Coyote. Yellowstone National Park, July 1992.

This photo comes from one of my favorite moments, ever. I was hiking near Hellroaring Creek and sat down on a rock for a brief rest, when I spotted this coyote. He (or she, I didn't look that closely) began to trot straight toward me, apparently rather curious about this stranger. But not too careless, despite the curiosity - as I raised my camera to take a photo, the motion startled him and he ran off. Dang, I thought, lost a chance at a good shot.

But the critter didn't go very far and I decided to wait around and see if he would get used to my presence. For the next hour or so, I walked around, scuffed rocks, sat down, and generally did everything I could think of to convince the coyote that I had my own business to mind and that it didn't include him. Meanwhile, he amused himself trying to snatch flying insects out of the air.

Eventually, I was able to edge closer and closer, still avoiding eye contact or direct movements in his direction. It worked perfectly and the coyote lost all concern over me. In fact, he finally flopped down in the grass and closed his eyes. I had set up the camera on the tripod and, every time his eyes closed, I would scootch the camera closer and take a couple more photos, up to about eight feet away, when I decided I probably shouldn't push my luck any further.

As I began to reach the end of the roll of film (and realized I didn't have a spare, dammit), I started testing the animal's calm by scuffing the ground noisily. His head would jerk up, he'd quickly look around, then stare at me and put his head back down. That "Oh, it's just you" look is what you see in this photo.

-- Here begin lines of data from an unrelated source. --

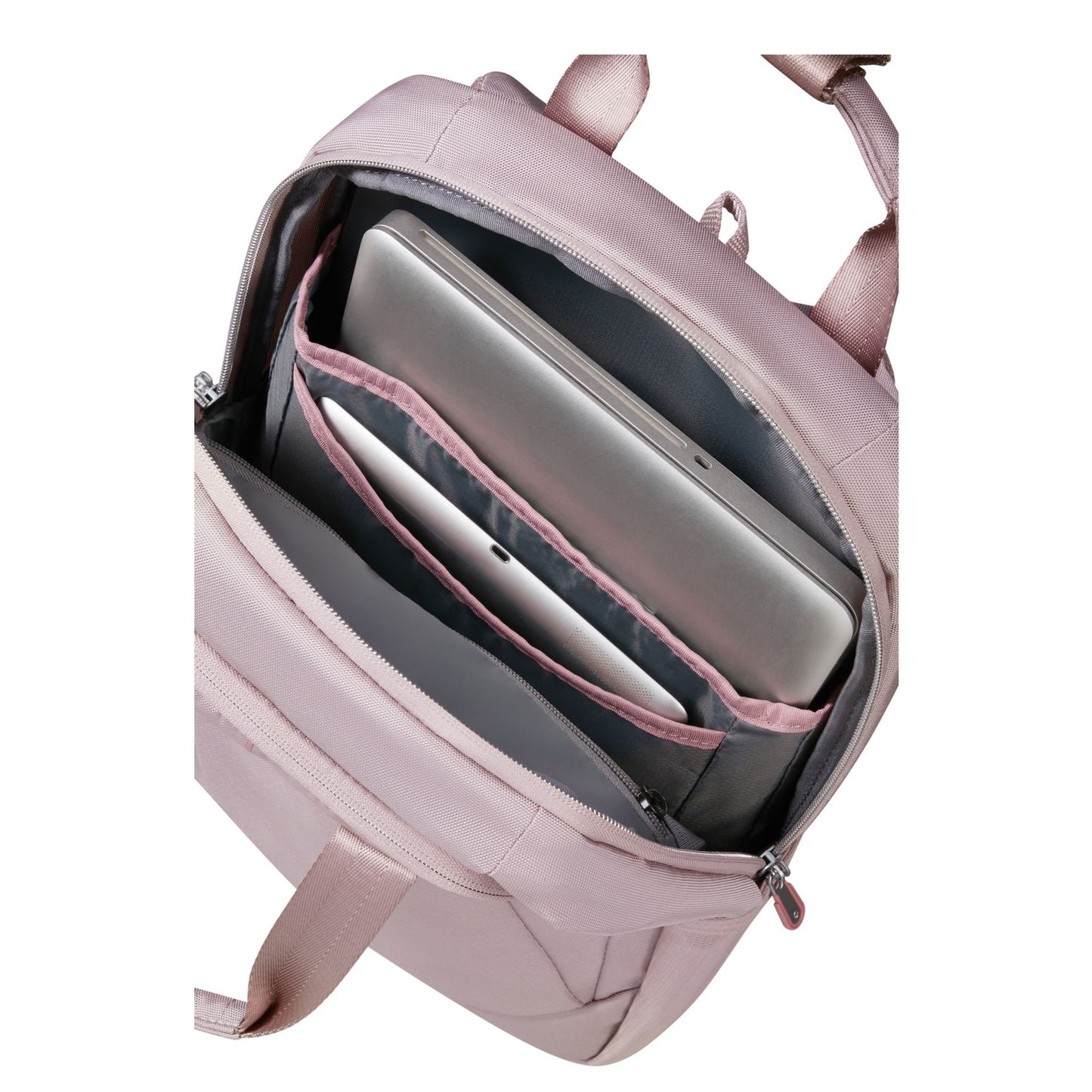 Samsonite Guardit Classy 2.0 Laptop Backpack + Handles 14.1" stone grey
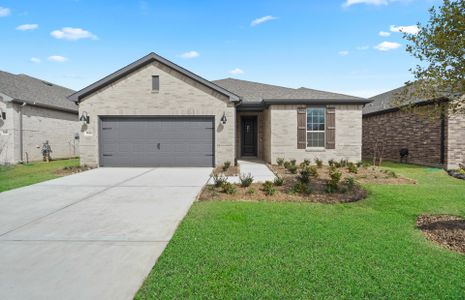 New construction Single-Family house 7733 Lifestyle Boulevard, Fulshear, TX 77441 - photo 0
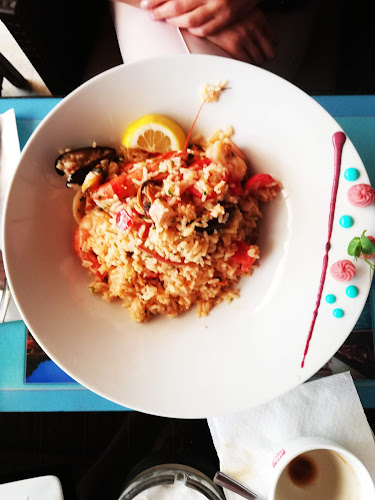 Restaurant Reyna - Constanța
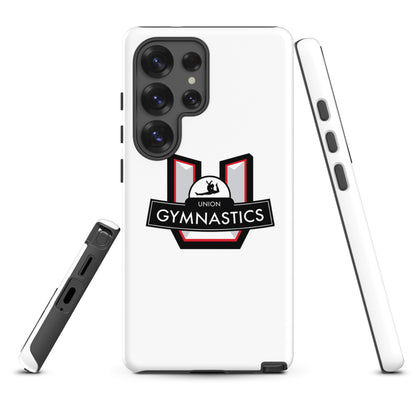 Tough Case for Samsung® | Union Gymnastics | Crest Logo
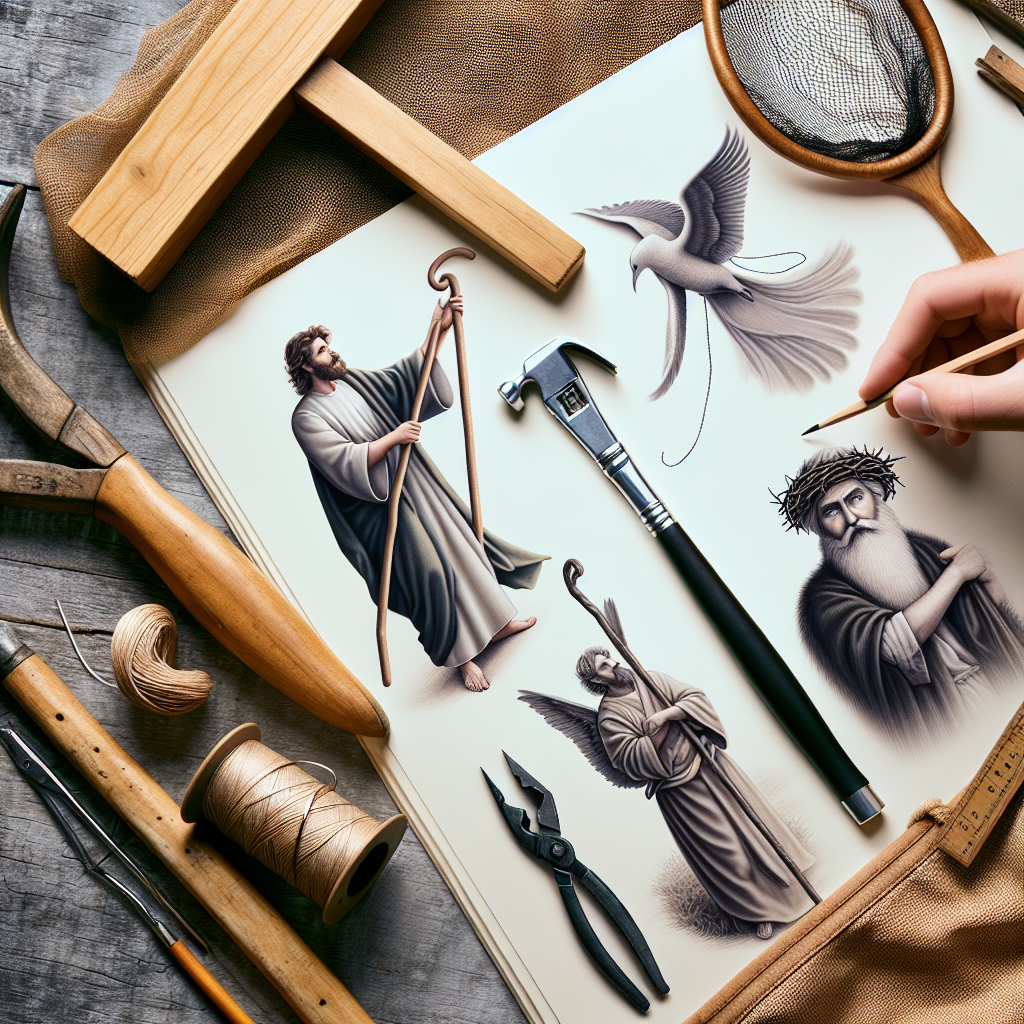 Peygamberlerin Meslekleri Nelerdi.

I'm too much of a rationalist to get much into "being one with nature," but there's no denying that I usually feel more of an outsider than I wish when I encounter wildlife in their own habitat. At this moment, though, with a wild coyote that showed no hostility or fear toward me (or begged any food), but viewed me as a tolerable part of the landscape - I felt just a little less alien.


Heather said...

Beautiful shot, beautiful story. Thanks so much for posting it.

James Hanley said...

You should have reached out and pulled that piece of grass out of the way.

Scott Hanley said...

I used to hate that piece of grass, thinking it spoiled what would otherwise have been a perfect shot. Now I'm more inclined to like it, as a little piece of real life that separates this photo from those "perfect" wildlife posters you see. Any excuse to be a snob, I suppose.